* WORK ITEM:
Please, without any pictures, transcribe the lines from the one holding "4.石龙波：智慧医院背景下医疗电子票据的建设发展2.0--博思软件 石龙波.pdf 第3页" to the end of the listing, both ends included.
[[ DATA FOR ANALYSIS open ]]
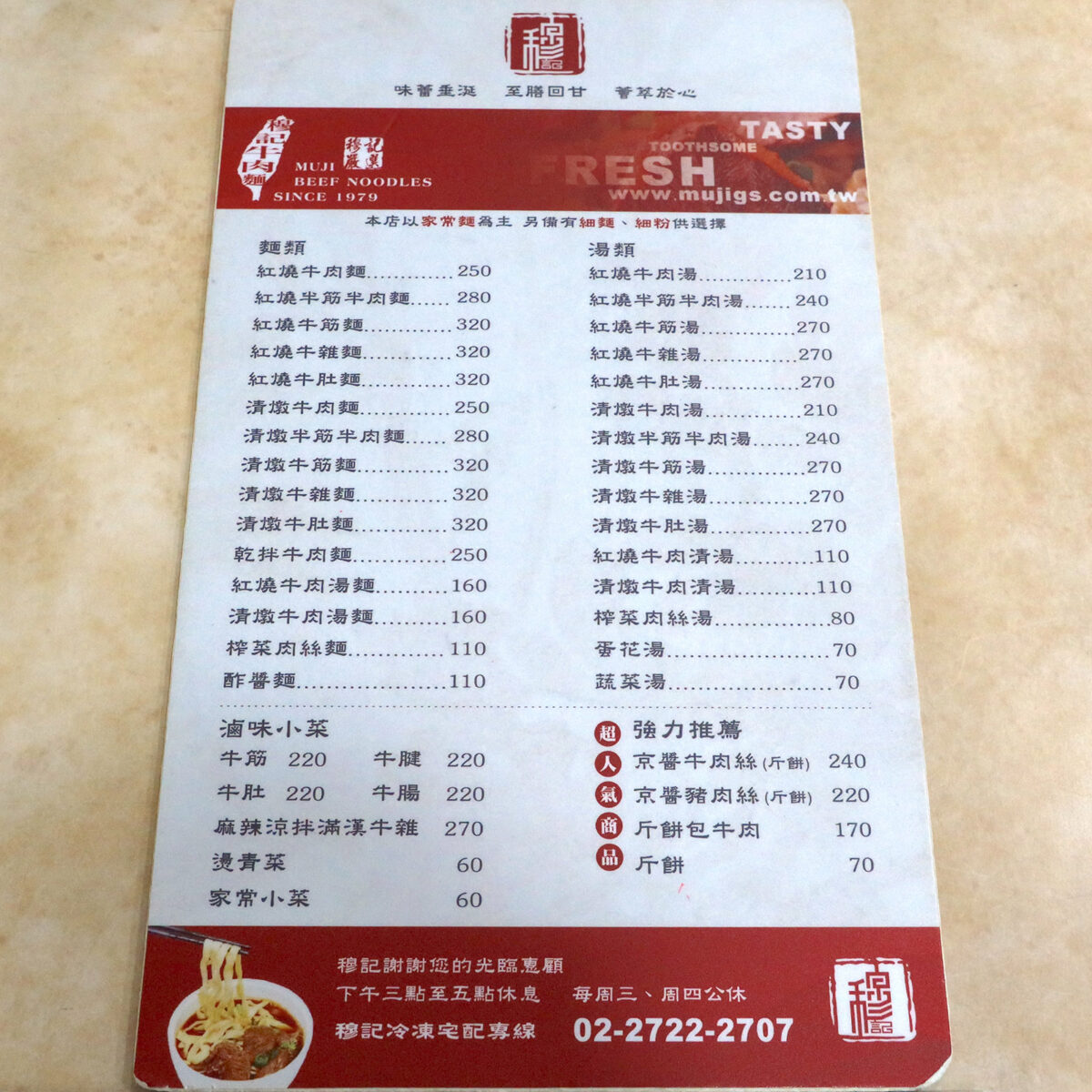台北「穆記牛肉麵 MUJI BEEF NOODLES」 メニュー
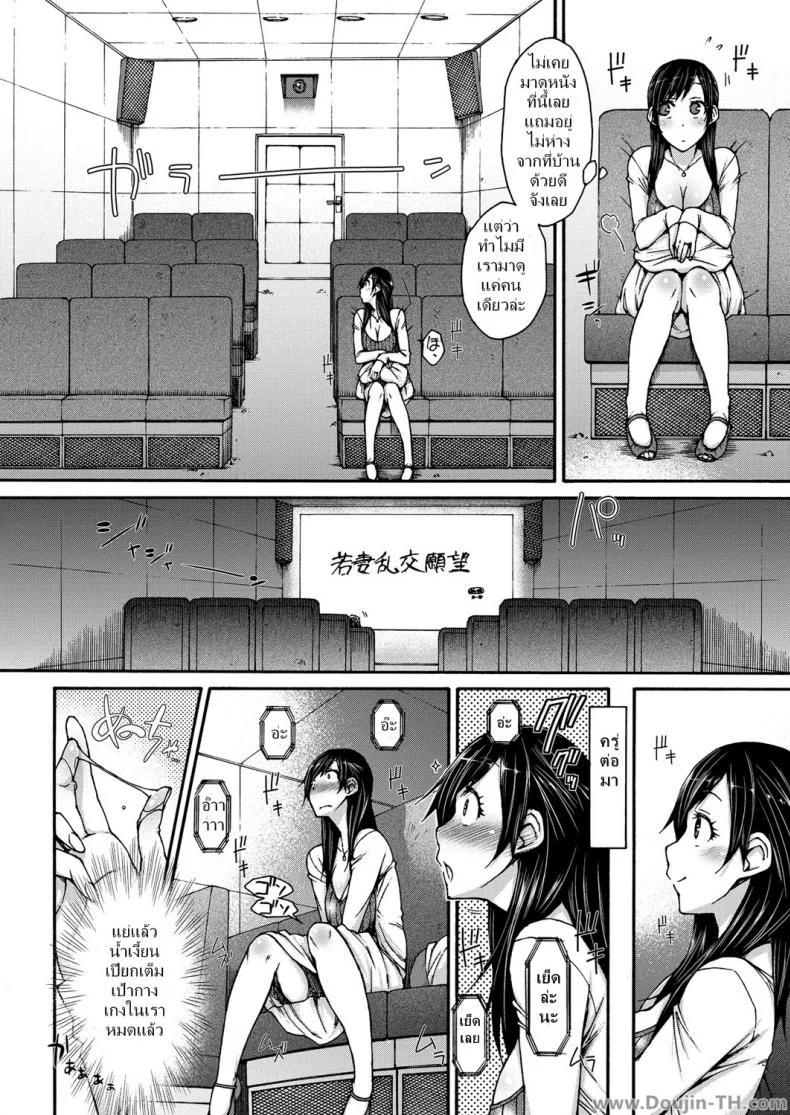 เล่นบทเอ็กซ์ ที่โรงหนัง 4DX [Isorashi] HamiChijo Ch.5 - Icchau Eigakan หน้า 4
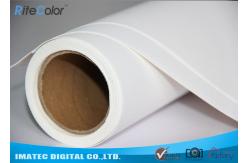 China 410Gsm Inkjet Printing Canvas Roll , Water Resistant Printable Canvas Paper Roll supplier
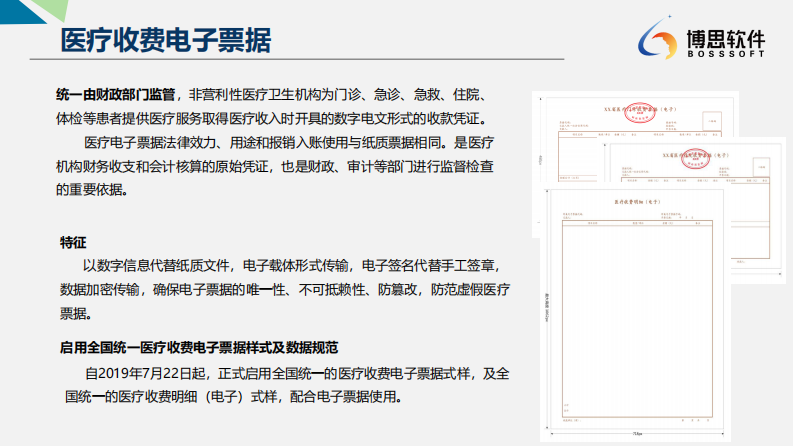 4.石龙波：智慧医院背景下医疗电子票据的建设发展2.0--博思软件 石龙波.pdf 第3页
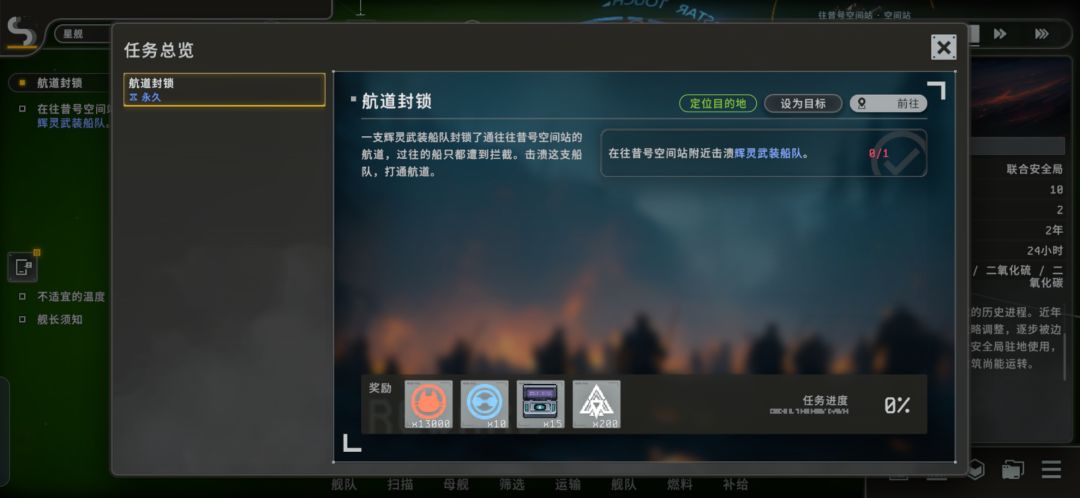 这剧情模式对吗 1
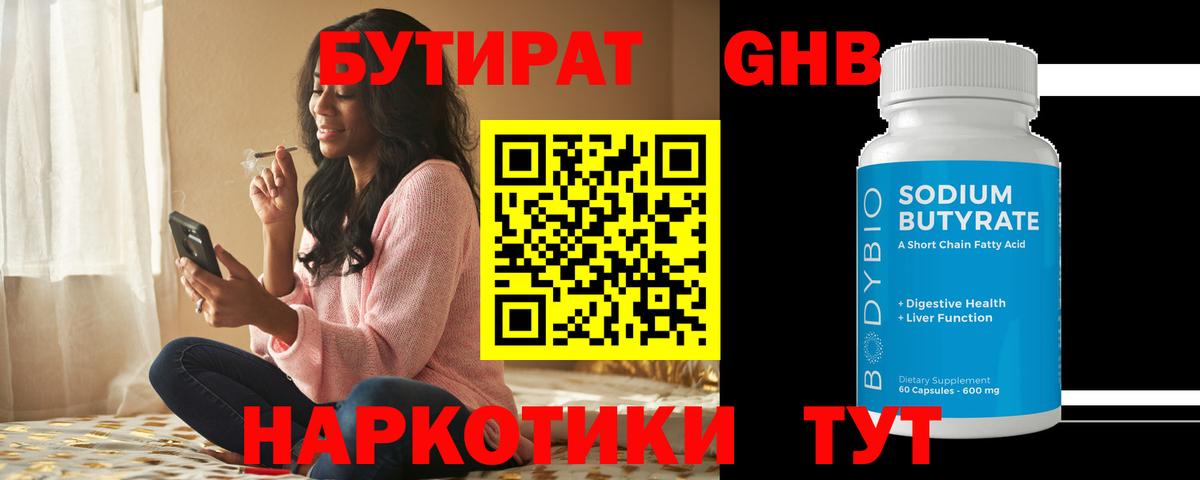 БУТИРАТ BDO 33%  БУТИРАТ  Советск  Вход с VPN 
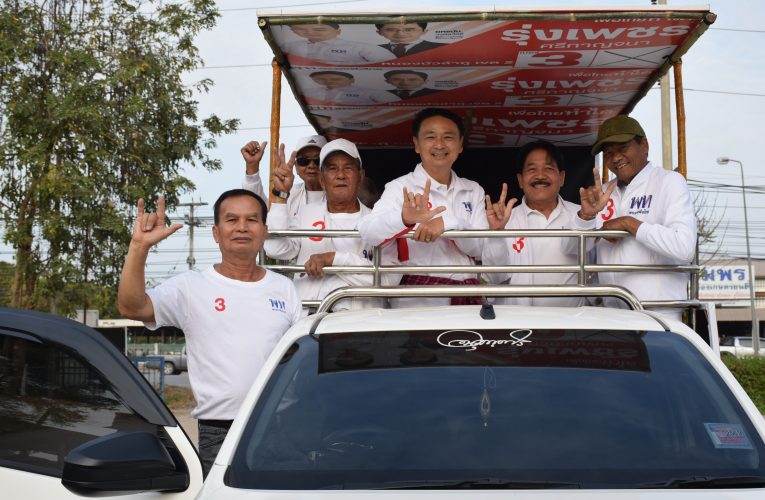 หนองบัวลำภู รุ่งเพชร ขึ้นรถแห่ขอบคุณ ปชช.หลังเทคะแนนเสียงจนชนะเลือกตั้ง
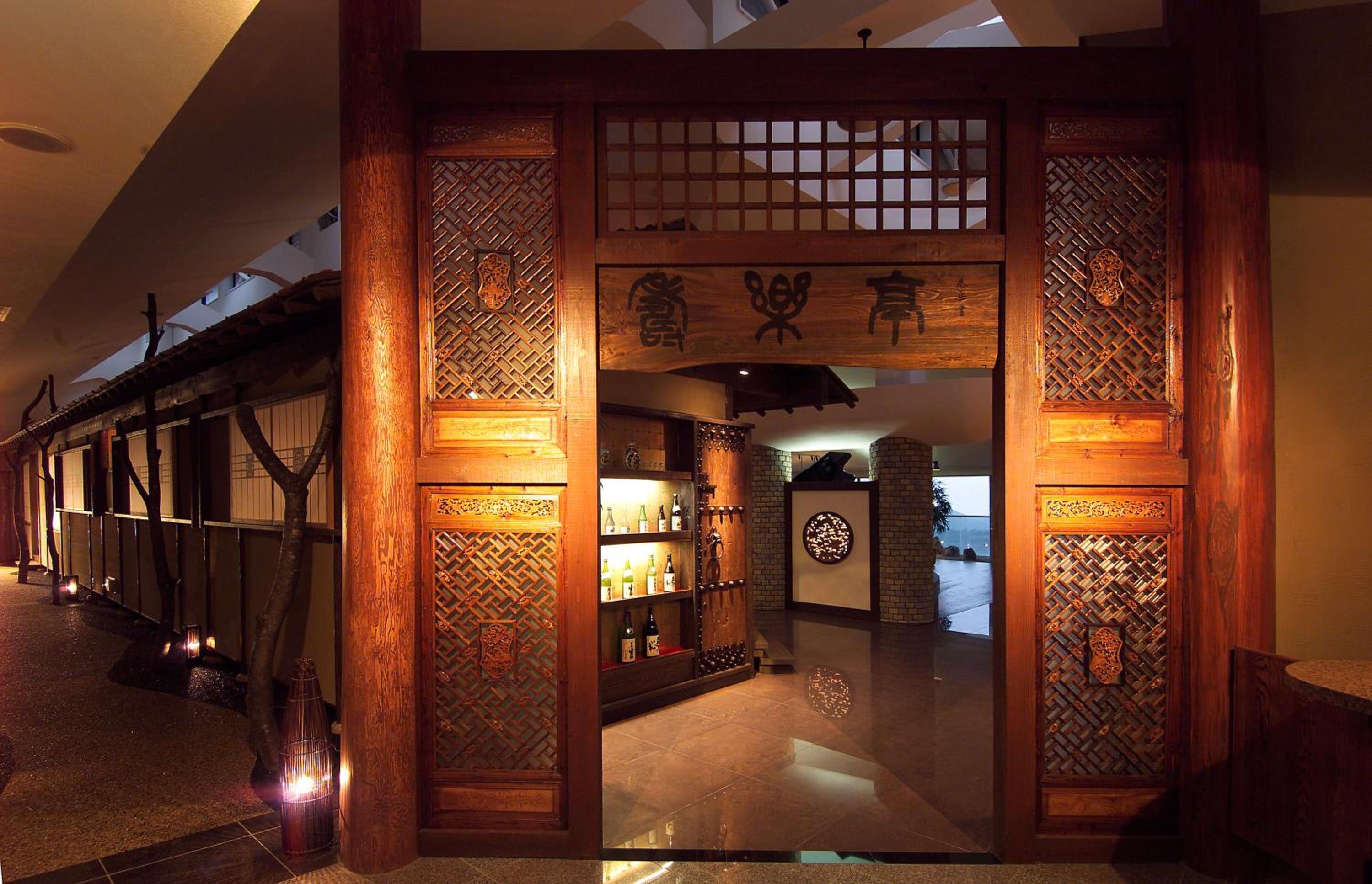 Nagame no Yakata Kounkaku 2/50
[[ DATA FOR ANALYSIS closed ]]
* ANSWER TO THIS TASK:
 4.石龙波：智慧医院背景下医疗电子票据的建设发展2.0--博思软件 石龙波.pdf 第3页
 这剧情模式对吗 1
 БУТИРАТ BDO 33%  БУТИРАТ  Советск  Вход с VPN 
 หนองบัวลำภู รุ่งเพชร ขึ้นรถแห่ขอบคุณ ปชช.หลังเทคะแนนเสียงจนชนะเลือกตั้ง
 Nagame no Yakata Kounkaku 2/50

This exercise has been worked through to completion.